Atrial wall thickness

Pulmonary vein isolation (PVI) is often the first procedure performed in patients referred for catheter ablation of atrial fibrillation (AF). The procedural success rate of an index PVI varies between 15-75%. An important cause for this could be non-transmural lesion formation due to insufficient catheter tip-tissue contact.

Recent developments have enabled measurement of the force with which the catheter tip touches the myocardium. However, in order to determine the optimal RF power and application time, local myocardial thickness also needs to be known. Non-invasive 3-dimensional imaging using cardiac computed tomography (CCT) can accurately provide information about the left atrium (LA) wall thickness. New sequence design has also enabled acquisition of the LA wall thickness using cardiac magnetic resonance (CMR). The reliability of these parameters need to be determined prior to evaluating the clinical utility.

MRI (n=10)

The MRI datasets can be downloaded directly along with their manual labellings

All images were acquired on a Philips 3T Achieva, with 3D FLASH, typical FOV: 280 x 190 x 120 mm, 1.4-mm isotropic resolution, FA: 20°, TE/TR/TI: 2.7/5.9/120 ms. Respiratory gating was achieved using pencil-beam navigator and the average scan time was 12 min. Cardiac triggering was used to ensure data acquisition was carried out in mid atrial diastole

Please refer to this SCMR abstract for further details

CT (n=10)

The CT datasets can be downloaded along with their manual labellings on this dataset of the atria wall and chamber.

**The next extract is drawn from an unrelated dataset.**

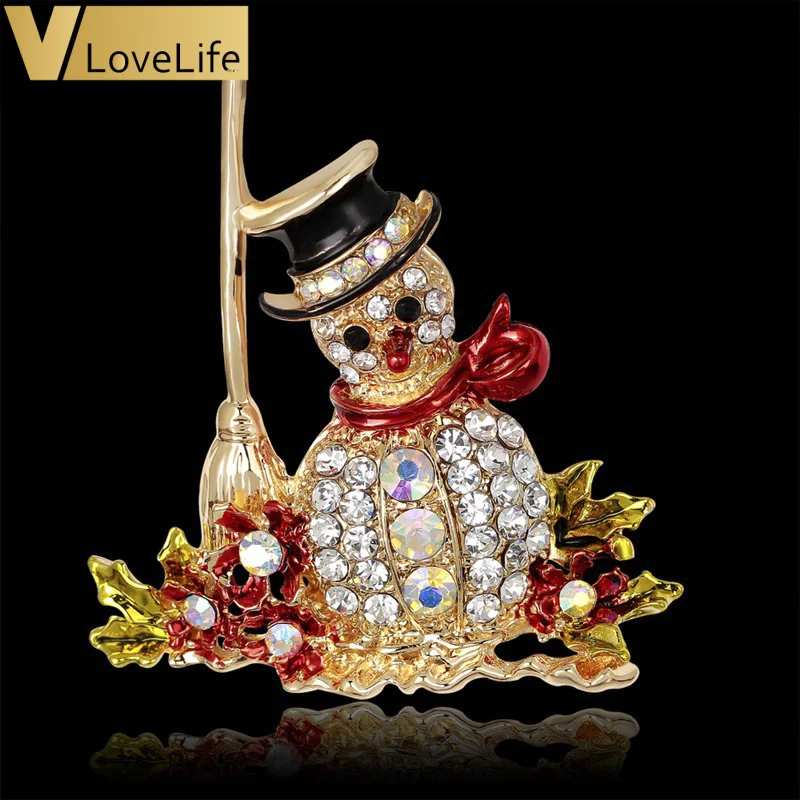 Эмалированный Снеговик Санта дерево брошь булавка рождественские подарки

Coronary CTA was performed on a Philips 256 iCT scanner. All paients were injected with an intravenous contrast agent. The scans were ECG-gated in a single breath hold. The images were reconstructed to a 0.8 to 1 mm slice thickness, with a 0.4 mm slice increment and a 250 mm field of view. The image matrix was kept at 512 × 512 matrix, constructed with and a sharp reconstruction kernel.